インボイス制度導入前に企業が対応すべきポイント
2023年10月1日から、消費税の仕入税額控除の方式としてインボイス制度がスタートしました。インボイスは適格請求書発行事業者にならなければ発行することができません。
保存の義務も生じます。そのため、企業はもちろんのこと、個人事業主にも対応が迫られています。
事前にしっかりと準備をし、インボイス制度の導入に備えましょう。
目次
インボイス制度に対応するための準備
課税事業者への変更の検討
現時点で消費税の納税が免除されている免税事業者であれば、今後、インボイス制度に対応するために課税事業者へ変更する必要性にせまられる場面がでてきます。課税事業者となれば、消費税の納税義務が生じますが、免税事業者のままであれば取引先とのビジネスにおいて不利益となる可能性もあります。
そのため、免税事業者が課税事業者に変更する場合は、今後の事業への影響を考慮し、どちらで事業を継続するのがよいのか、十分に検討する必要があります。
適格請求書発行事業者の登録申請
自社が適格請求書発行事業者になる手続きを行いましょう。
申請が通り登録が認められれば、郵送または電子データで登録通知書が交付されます。
登録申請が完了すると、国税庁の「適格請求書発行事業者公表サイト」に登記登録情報が掲載されますので、併せて確認しておきましょう。
取引先から適格請求書発行事業者かどうかの確認依頼がきた場合には、登録番号と適格請求書発行事業者公表サイトの該当箇所をお伝えすればスムーズです。
取引先の適格請求書発行事業者の有無を確認
取引先の状況を確認します。
適格請求書発行事業者でない取引先への経費は、原則的に仕入税額控除の対象外となります。ですから取引先が適格請求書発行事業者かどうか・適格請求書発行事業者になる予定かどうかを確認し、その後の対応を検討しましょう。
適格請求書発行事業者と適格請求書発行事業者でない仕入先が混在すると、消費税額計算時に業務が煩雑化することが予想されます。

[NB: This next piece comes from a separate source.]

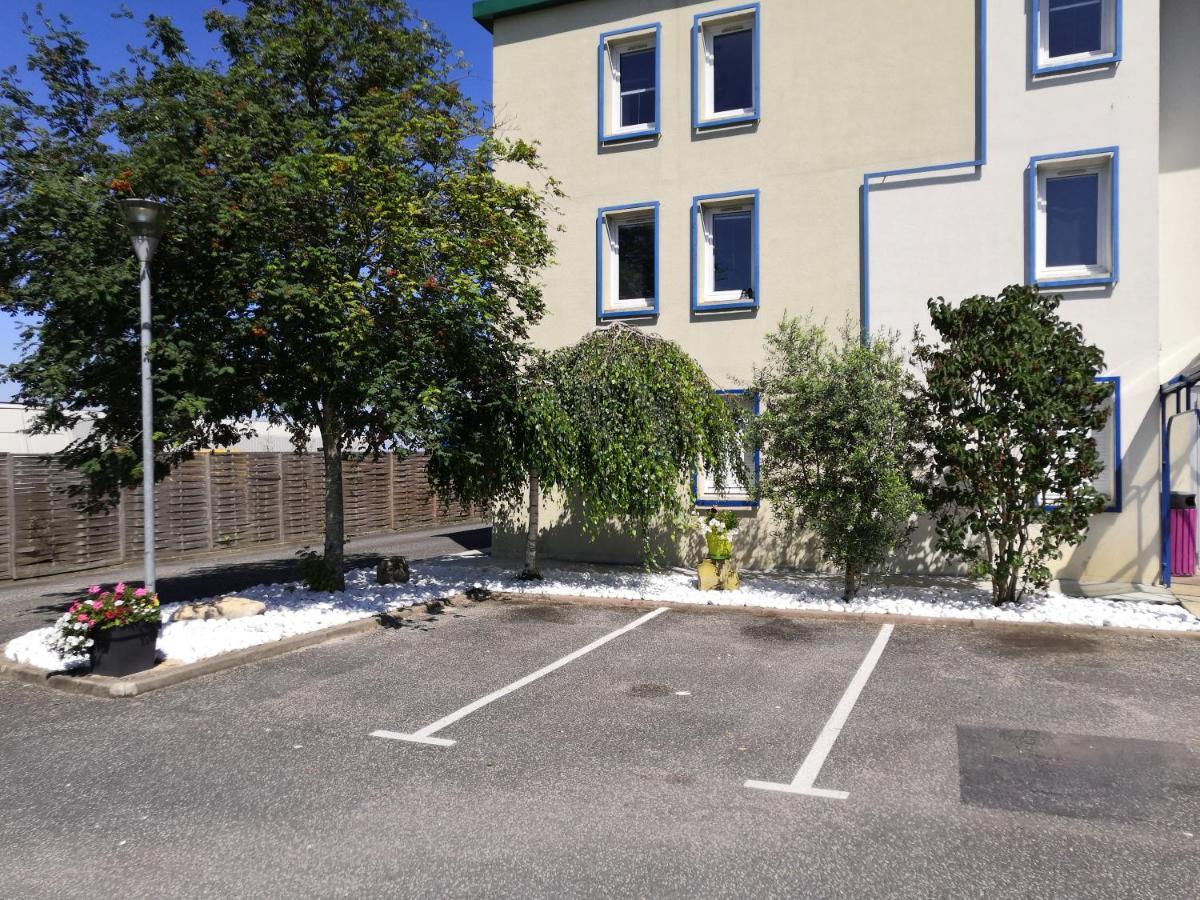 Hotel M&R Ifs Bagian luar foto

なお仕入税額控除が適用されない分を補うために消費税額分の支払いを拒否したり、仕入額の値下げを要求する行為は独占禁止法や下請法に反する恐れがあります。
経理処理の見直し
インボイス制度が開始されると、仕入税額控除の仕組みが変わります。そのため仕入税額控除の対象か否かによって領収書などの区分が必要です。もし販売管理システムと会計システムが連携していない場合、取引1件ごとに仕入税額控除対象かどうかを手入力する作業が発生する可能性もあります。ご利用中の経理システムを見直すと同時に、経理業務のフローについても改変しなければならないでしょう。
なお、インボイス制度開始後に適格請求書発行事業者でない事業者と取引を行なった場合でも、すぐに全額が仕入税額控除対象外となるわけではありません。2023年10月から3年間は80%、その後の3年間は50%の仕入税額控除算入が認められます。

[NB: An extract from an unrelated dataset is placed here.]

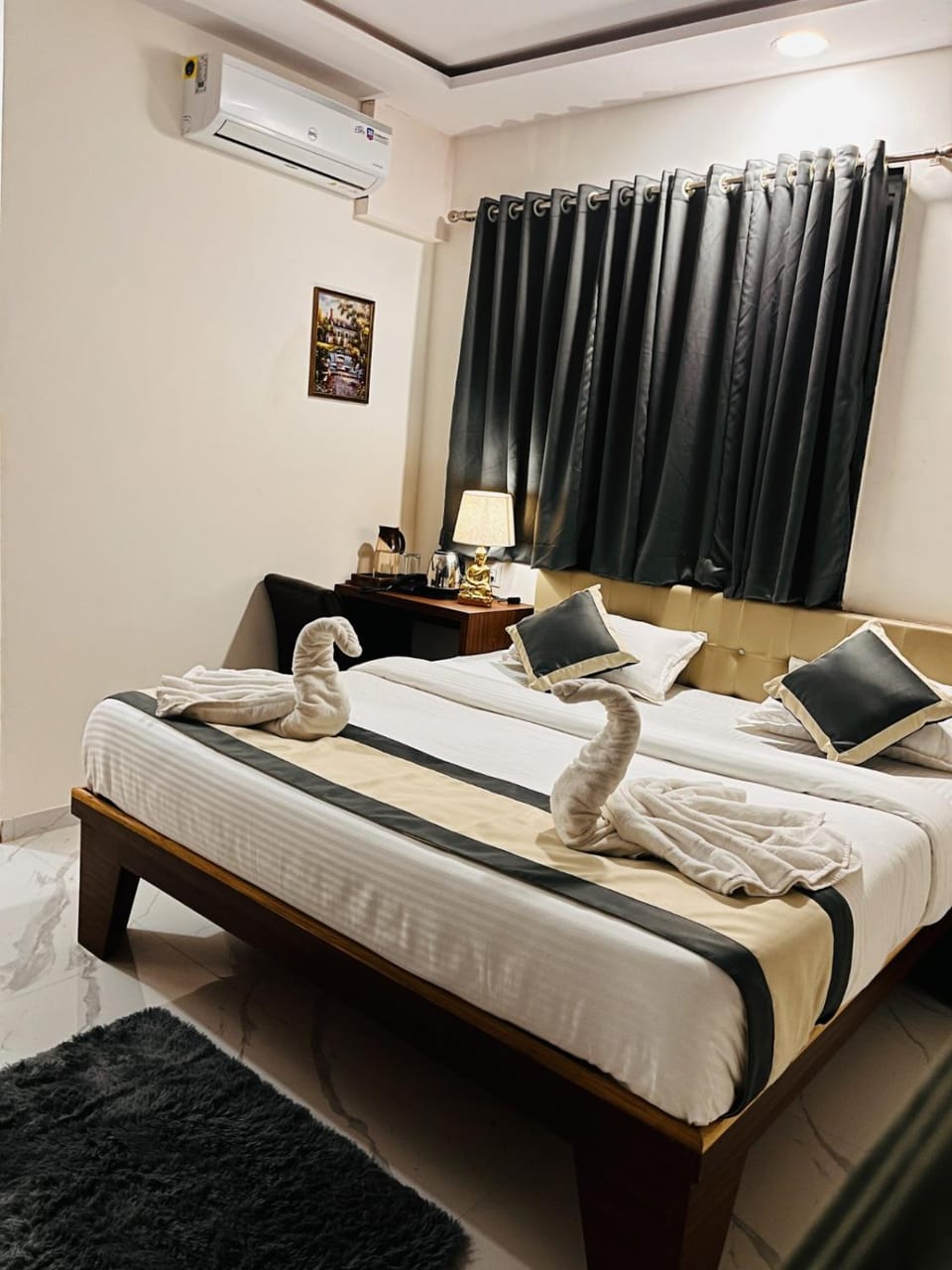 Bed, Living room, Photo of the whole room, Seating area, Bedroom, towels, air conditioner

また、インボイス制度が開始される2023年10月以降に、遅れて適格請求書発行事業者となる仕入先も出てくるでしょう。受発注担当者や営業担当者と経理担当者が密接なコミュニケーションを取り、仕入先に関する情報共有を行うことが望まれます。
インボイスに対応した会計ソフトや請求書発行システムの準備
インボイス制度適用前の請求書においては、適用税率や税額の記載は不要でしたが、制度適用後は2種類の税率(8%および10%)での経理処理を明確にわかるように記載しなくてはならなくなります。
そのため、現在パソコンで会計処理を行っている場合は、使用している会計ソフトがインボイス制度に対応したものであるか、再確認する必要があります。
制度に対応していない古くからのシステムを使用している場合は、新たな経理システムを準備する必要があると認識しておきましょう。
インボイスとして認められる書類には、以下6点の記載が必要です。
- 適格請求書を発行する事業者の氏名または名称と登録番号
- 取引年月日
- 取引内容(軽減税率の対象品目である旨)
- 税率ごとに区分してから合計した対価の額と適用税率
- 税率ごとに区分した消費税額など
- 書類の交付を受ける事業者の氏名または名称
なお不特定多数の者に対して販売等を行う小売業等にかかる取引については、一定の記載事項が省略された簡易インボイスでも良いとされています。たとえば、大勢の消費者に対して販売を行うスーパーマーケットなどです。
なおシステムの入れ替えにはそれなりの費用が必要ですが、後述する補助金を利用することで負担を減らせます。ぜひ利用をご検討ください。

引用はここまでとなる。